いつもお世話になっているCasterさんから2019年採用Advent Calendarにお誘いいただき、うっかり・・・いえ、喜んでお受けさせていただいて以来、錚々たる皆さまと並んで私が伝えられることはなんだろうと、どんなテーマで書こうか悩みに悩みました。

結果として、「自身の転職失敗・成功経験+キャリアコンサルタントとしての経験+採用担当としての経験」を踏まえ、応募者の方が採用面接に臨む前に参考にしていただけるようなnoteなら書けるかなと思い、書きはじめてみます。年末年始に転職活動を意識される方も多いでしょうし、「そろそろかな」という方や、まさに今活動を始められている方にもお目通しいただけると嬉しいです。

あくまでも私の個人的な考えになりますのと、HR領域の方には当たり前なことが多くなるかと思いますが、ご承知おきください。
(そして相当長文になってしまいました・・・)

■はじめに

採用面接マニュアルは世の中にたくさん出回っていますので、一般的なものを知りたい方は例えば下記をご覧ください。
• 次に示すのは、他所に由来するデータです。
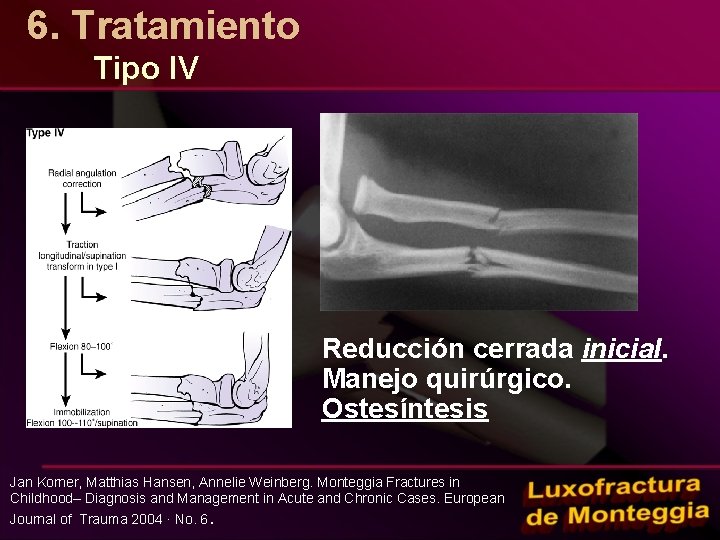 6. Tratamiento Tipo IV Reducción cerrada inicial. Manejo quirúrgico. Ostesíntesis Jan Korner, Matthias Hansen,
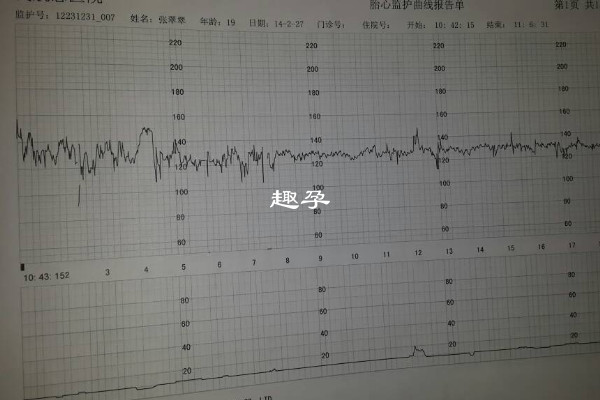 大半夜宫缩不可以早上去医院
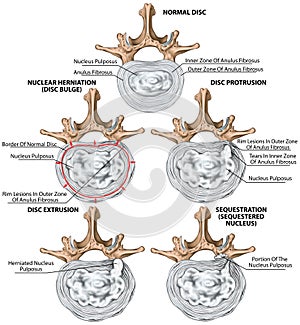 BOARD Types and stages of lumbar disc herniation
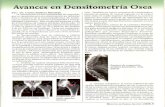 Avances en Densitometria Osea - spmedflix.com · Avances en Densitometria Osea Por: Dr. Carlos Jimenez Marchan La osteoporosis es una enfermedad del esqueleto que se caracteriza por
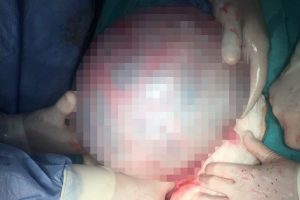 Bursa'da bir kadının rahminden 5 kiloluk kist &ccedil;ıktı!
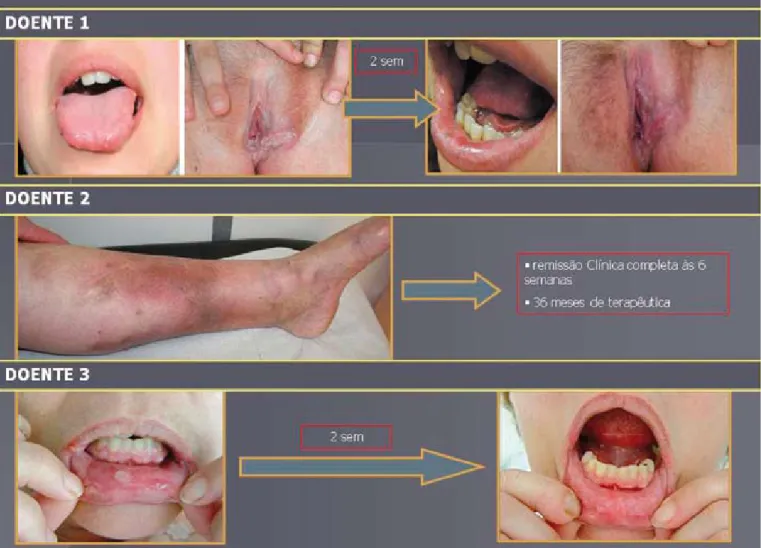 Fig. 3 - Doentes com doença de Behçet tratadas com infliximab.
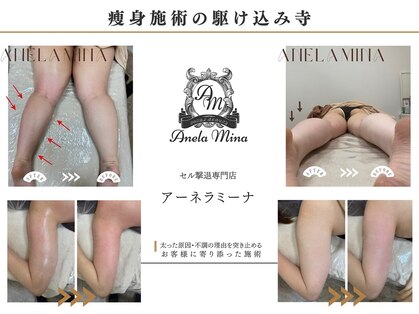 アーネラミーナ(Anela mina)の写真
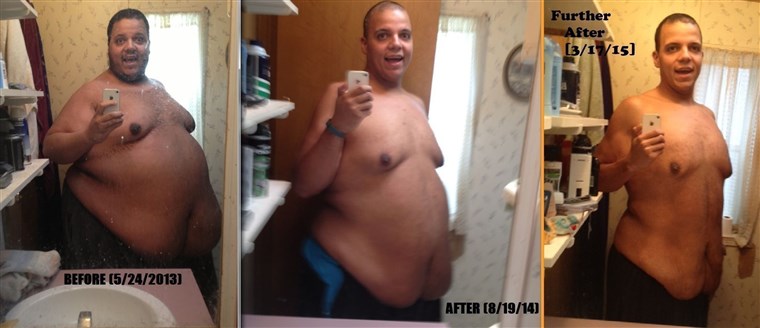 杰西 Shand weighed more than 650 pounds and lost more than 350 pounds with help from an online community.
一応、前職のサイトを(笑)

もちろんこうした面接テクニックも知っておいて悪くないと思います。ただ私としては、目の前の面接をクリアするための面接対策・攻略法というよりも、自身がイキイキと働ける転職先を見つけるためのヒント・考え方をお伝えしたいなと思っています。そういうことって、なかなか周りから教えてもらう機会がないんだなと、HR業界以外の友人たちと話しているとひしひしと感じることもあり、参考にしていただけると嬉しいです。

■転職失敗経験から学んだこと

本題に入る前に、少し私の話をさせてください。先日の自己紹介にも書かせていただきましたが、私はこれまで4回転職を経験しています。

その中で、転職に成功したことも失敗したことも、どちらもあります。HR領域での経験があるにもかかわらず転職に失敗をしてしまった要因を振り返ってみると、下記の3つが大きかったのではないかと考えています。
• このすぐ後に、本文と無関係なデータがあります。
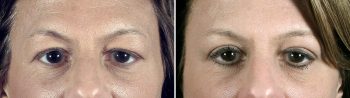 Upper Eyelid Lift Patient 37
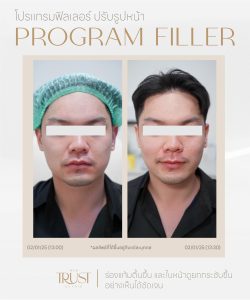 ultraformerเชียงใหม่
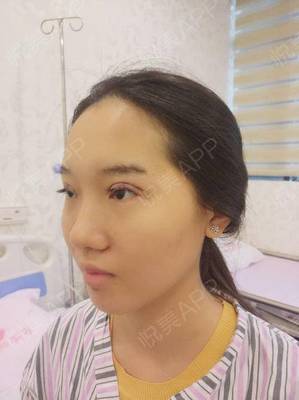 广西眼部整形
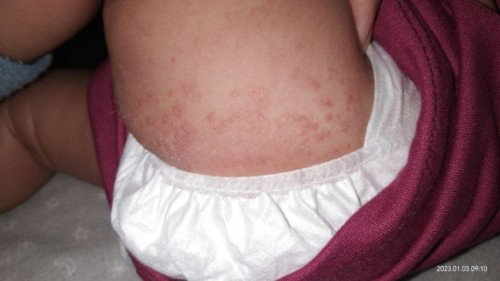 RUAM DIAREA BOKONG BAYI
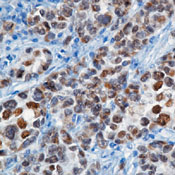 Formalin-fixed, paraffin-embedded human melanoma stained with peroxidase-conjugate and DAB chromogen. Note nuclear staining of tumor cells.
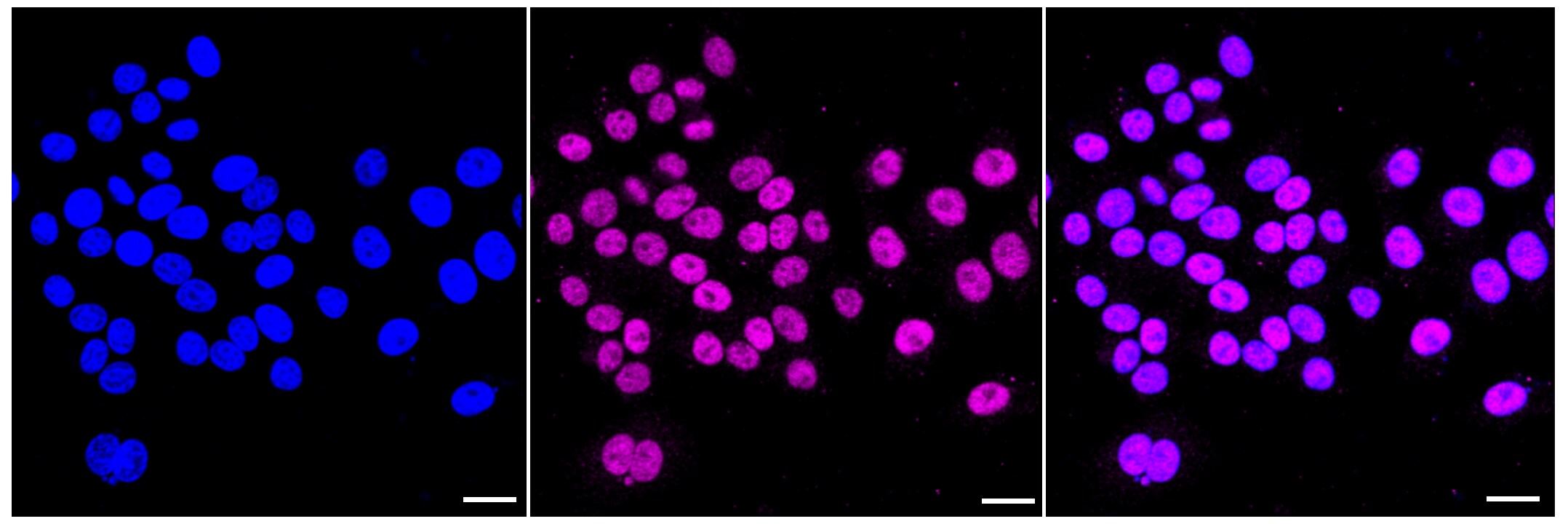 TEAD1 Antibody (23GB2795)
①転職に際してWill(自分のありたい姿)を重視していなかったこと
②今の当たり前で、失うと辛いものの存在が見えていなかったこと
③働く上で欠かせないポイントの優先順位が整理できていなかったこと

でも、後悔はしていません。少し遠回りをしてしまった感は否めませんが、この失敗経験は、キャリアコンサルタントとして候補者の方とお話しをする際にとても役立ちました。「〇〇さんには、私みたいな失敗して欲しくないんです!」と伝えることで気づきを提供し、より良い選択をしていただくお手伝いが、少しはできたんじゃないかと思っています。また、自分自身が壁にぶつかったときに「今のありがたみ」を感じることもできました。

では、そろそろ・・・
Willって何なのよというところから、本題の【採用面接を受ける前に考えてほしい、3つのこと】に入らせていただきます。

■その1:Will(自分のありたい姿)は何か

「Will・Can・Must」というワードを聞いたことがある方も多いかと思います。リクルートが以前から社員一人ひとりの成長を支援するために取り組んでいることで知られる、キャリアプラン策定にあたってのフレームワークです。(何年か前から、パーソルキャリアでも導入されています。)ご存知ない方は、プロコミットさんのサイトで分かりやすく解説があったのでご覧ください。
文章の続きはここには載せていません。